Renaud Lavillenie : l’exigence plutôt que l’arrogance

publié le 25 août 2015 à 18h46

Papier important dans l'Equipe magazine de samedi sur le perchiste Renaud Lavillenie, médaillé de bronze aux Mondiaux de Pékin lundi et plus grand athlète masculin en activité - ses 6,16 mètres l'ont installé parmi les immortels du sport, au-delà de la perche ou de l'athlétisme - derrière Usain Bolt : le Clermontois y apparaît distant, froid, arrogant - «quand tu es le meilleur, tu es le meilleur, point barre» - et porteur d'une vision exclusivement utilitariste de ceux qui accompagnent son destin hors-norme. Ces choses-là se savaient : des journalistes ayant travaillé sur son cas en amont du titre olympique de 2012 s'étaient étonnés du côté lunatique du bonhomme, charmant un jour, les reconnaissant à peine le lendemain.

Personne ne se pressait cependant pour formaliser noir sur blanc ces traits de personnalité avant l’article de samedi, sorte de coming out (toutes proportions gardées) totalement maîtrisé par l’athlète et son entourage puisque tout le monde y parle à visage découvert, sans dissimulation - ça nous change du foot - ni révérence outrancière envers le prodige. Mais alors, pourquoi ne connaît-on Lavillenie qu’aujourd’hui ? On voit deux raisons. La première, c’est que Lavillenie est un type important et qui le restera : à l’aune d’un sport mondialisé qui laisse de moins en moins de place aux tricolores, le perchiste français est incontournable pour longtemps.

La deuxième raison est, nous semble-t-il, passionnante : le fond constitutif des sportifs de très, très haut niveau est la principale ligne de fracture entre les «sachants» (les sportifs eux-mêmes, leur encadrement, une partie de la presse) et le grand public.

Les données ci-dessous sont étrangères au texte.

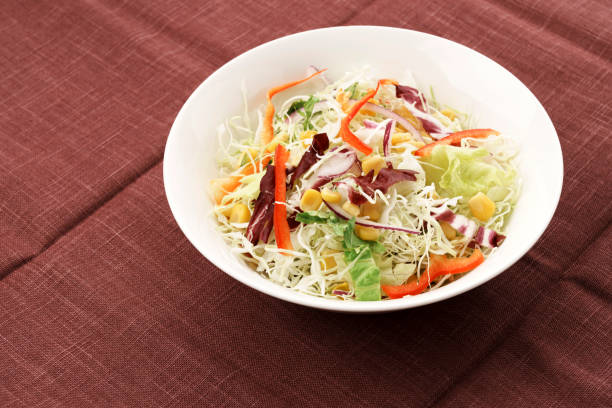 istock Shredded cabbage and colorful vegetable salad 1461832208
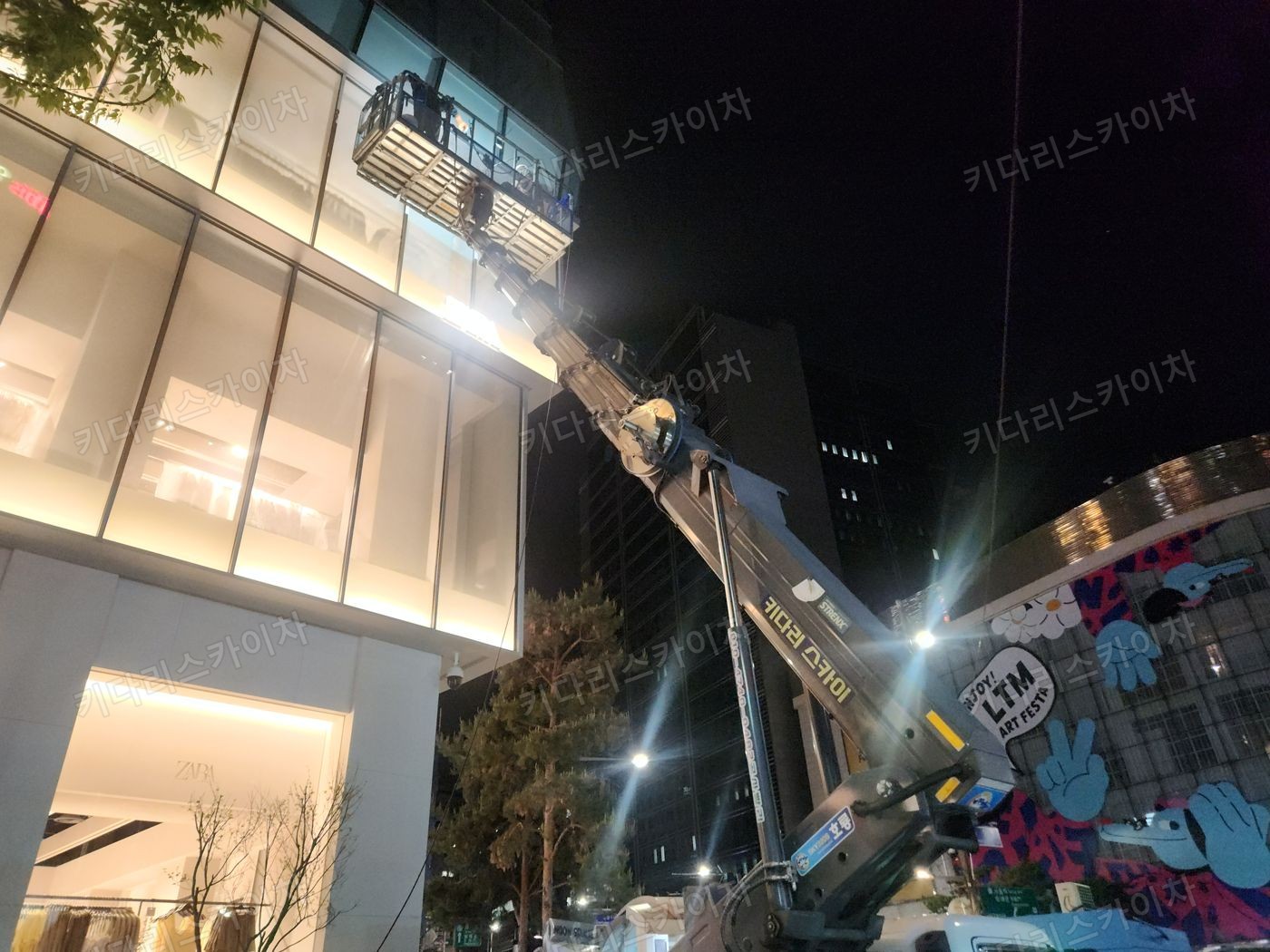 조명이 켜진 상가 외벽 앞 야간 장비 배치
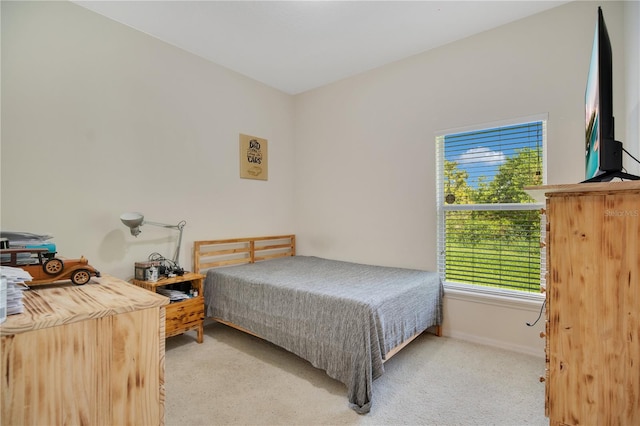 bedroom with light colored carpet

En gros, les premiers ont renoncé à expliquer au second à quoi ressemblaient un champion et les contingences qui s’attachent à la domination d’une élite internationale. Le public vit avec l’image d’un sportif que l’on prend par la main pour l’emmener vers le succès, ou que son entraîneur sélectionne (dans le cas des sports collectifs) ou écarte. Rien n’est plus faux, les meilleurs d’entre eux se sélectionnant tout seuls par la grâce de leur talent - une équipe de France sans Karim Benzema serait une provocation aux yeux de ceux dont le foot est le métier - et qui ont la haute main sur leur destinée.

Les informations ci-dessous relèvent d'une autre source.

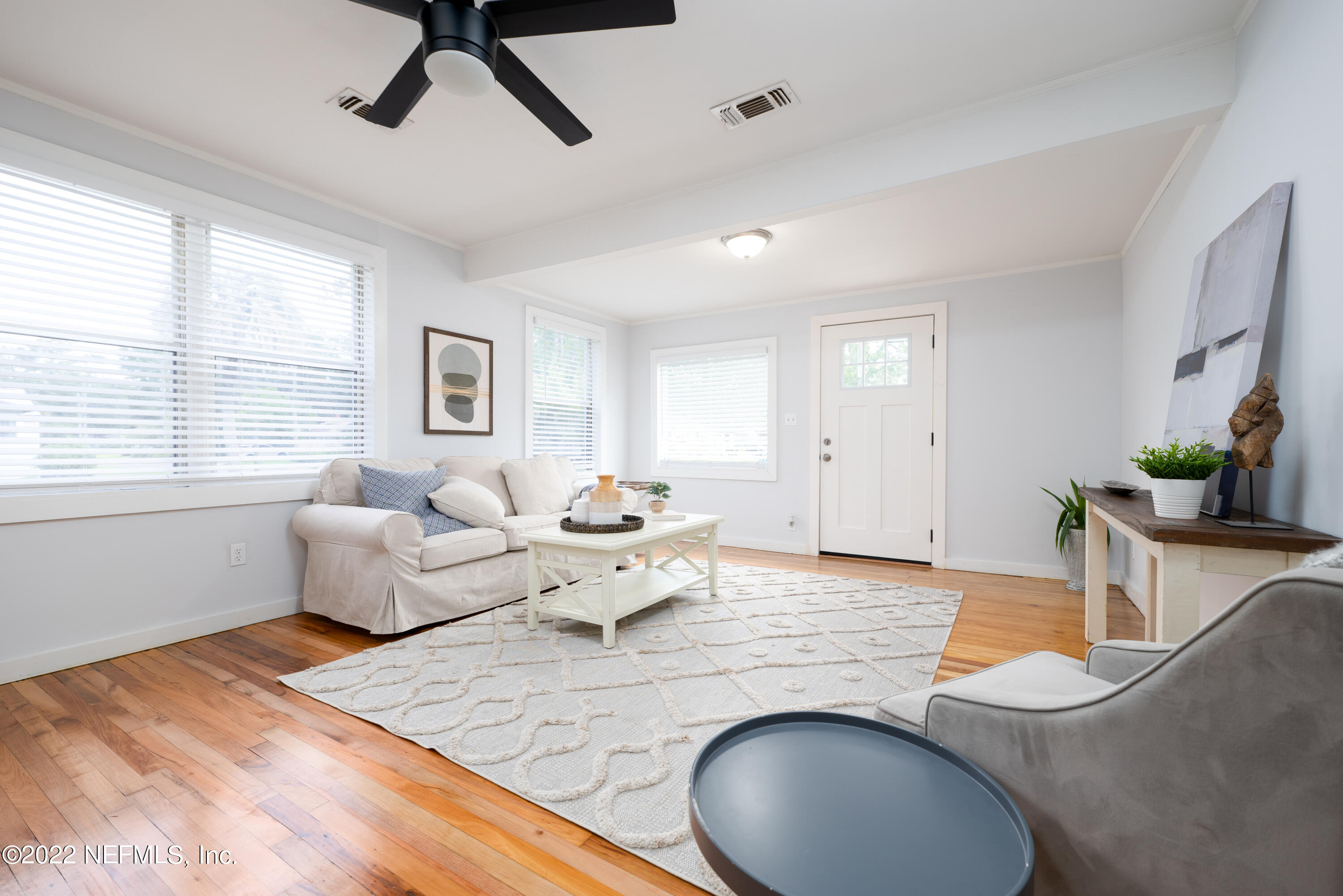 1368 Rensselaer Avenue Jacksonville, FL 32205 - Photo 7 of 48 a living room with furniture and a large window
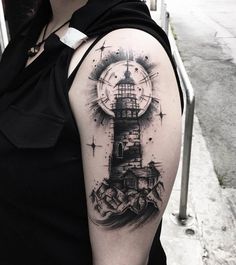 a woman's arm with a lighthouse and compass tattoo on the left side of her shoulder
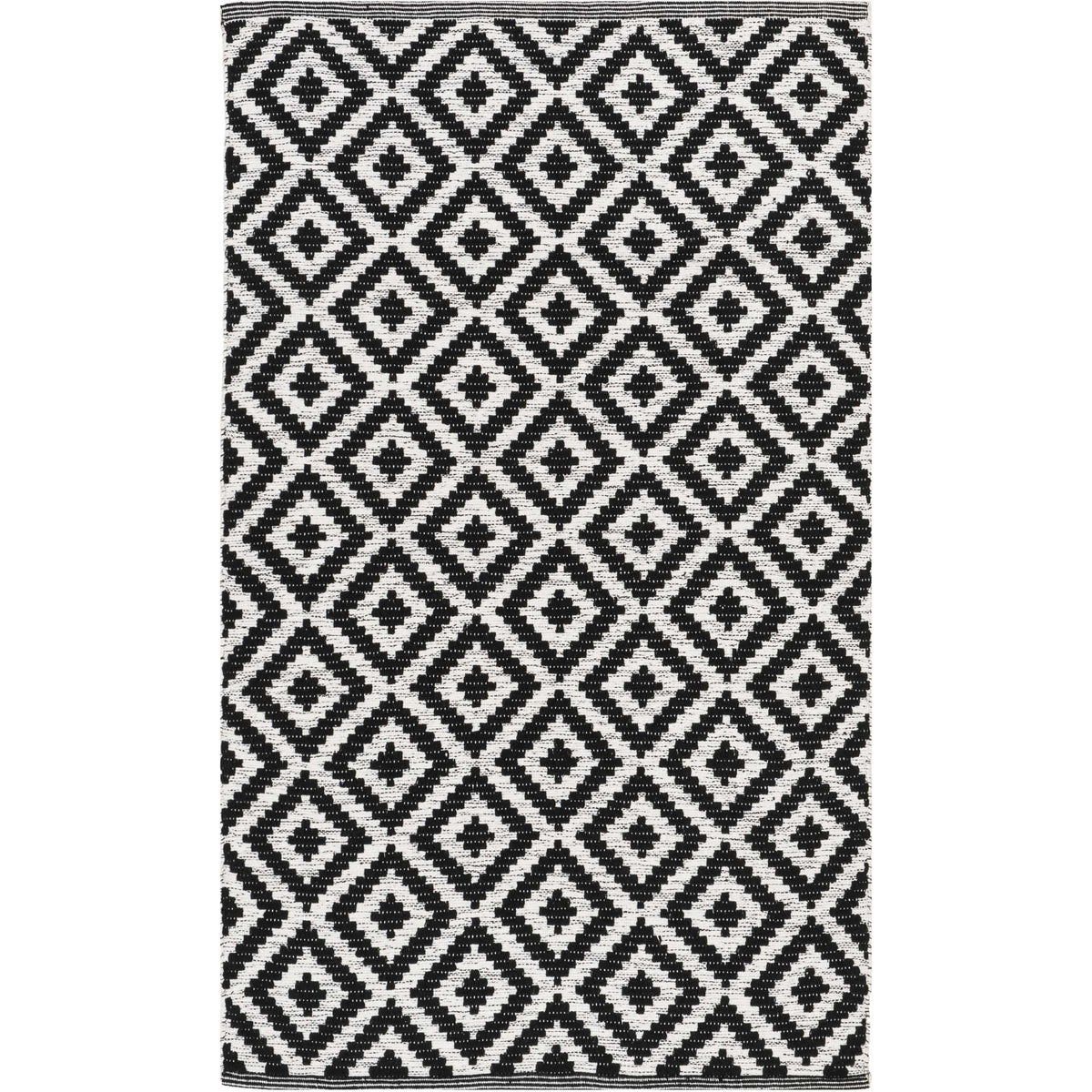 Large black diamonds bring graphic energy to a compact ivory cotton rug.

Récemment, un proche de Florent Manaudou nous expliquait que le nageur aurait traversé l’Atlantique pour tenter l’aventure américaine s’il avait raté ses Mondiaux de Kazan. Les dirigeants du Cercle des nageurs de Marseille, où Manaudou s’est construit, auraient admis la démarche sans barguigner puisque la remise en question et la responsabilisation du premier concerné - 17 bornes quotidiennes à l’entraînement, ça donne le droit de l’ouvrir - sont des piliers de la performance. Dit autrement, les sportifs seraient les premiers ravis de pouvoir faire du sentiment.

On confesse s’être interrogé en juin sur les conférences de presse de Roger Federer, où le Suisse disait la messe : bons points, mauvais points, recadrage serré à la suite d’une question jugée inopportune, bouffée égotique, manipulations diverses. Au fond, il parle comme un type dont le sport est le référent et qui a remporté 17 titres du Grand Chelem : à ce niveau, la modestie, c’est forcément la fausse modestie. Par ailleurs, Federer est ici-bas pour marcher sur la gueule d’un type (son adversaire sur le court) chaque jour qui passe. Aucun risque de voir dans le fond de l’œil du Suisse l’altruisme de Joseph le charpentier.